Yes, the anti-religious atheists, go too far. Most religions have at least a heritage of similar zealots that have gone too far.
Should the Ten Commandments be returned to the Atlanta Courthouse?

Absolutely not. Very few people know the difference between crimes and sins. Having the Ten Commandments in the Court building makes me think that the judge may not know that difference. My faith may not be blind, but I expect my Justice to be.
[hijack]
Is a plaque that says “Treat others as you wish to be treated” Religious? Common sense? or Natural Law?

Is there anyone that would not wish justice to be reminded of this regularly?[/hijack]
Itfire :
“Should someone be offended by a nativity crèche in front of a towns city hall?”

People have the right to be offended. There is no right to NOT be offended.

Depending on exactly how the law is written, this can be different than what the First Ammendment prohibits.

I don’t see how the plain language of the BOR supports the idea that it ever applied only to the federal government. Do you really think the double jeapordy clause was ignorable by the states? If the purpose of the second amendment was to maintain a well-regulated militia for the security of a free state, how could any individual state abridge that right?

In any case, that is irrelevant to whether the fourteenth amendment effectively extends the establishment clause to the states. You can’t get there from here…or perhaps I should say here from there.

I know what you mean. I’m saying that idea will never work in practice.

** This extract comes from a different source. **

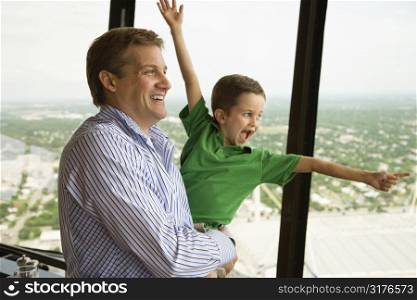 Caucasian father and son at observation deck at Tower of the Americas in San Antonio, Texas.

The implicit assumption here seems to be the common one that the tax exemption for religious organizations is in effect a subsidy. On the contrary, I view it as a natural consequence of the first amendment.

What has it succeeded at, besides giving religion a bad name?

As for the many religious ripoff artists, it is only their parishioners who have any business complaining about it, IMO. The government has no right to any of that money.

Er, it’s working right now. The fact that there are one or two numbskulls who don’t get it and occasionally make a big fuss over it doesn’t mean that it isn’t working just great.

Hmm, well the primary author of the first amendment didn’t agree with you on that one. But regardless, that’s not what I’m saying: as it currently stands, the tax exempt status exists because churches are supposed to be churches, not for profit businesses or PACs.

What the heck are you talking about? What does that have to do with the overwhelming success of religious practice here in the U.S., your insults against it to the contrary?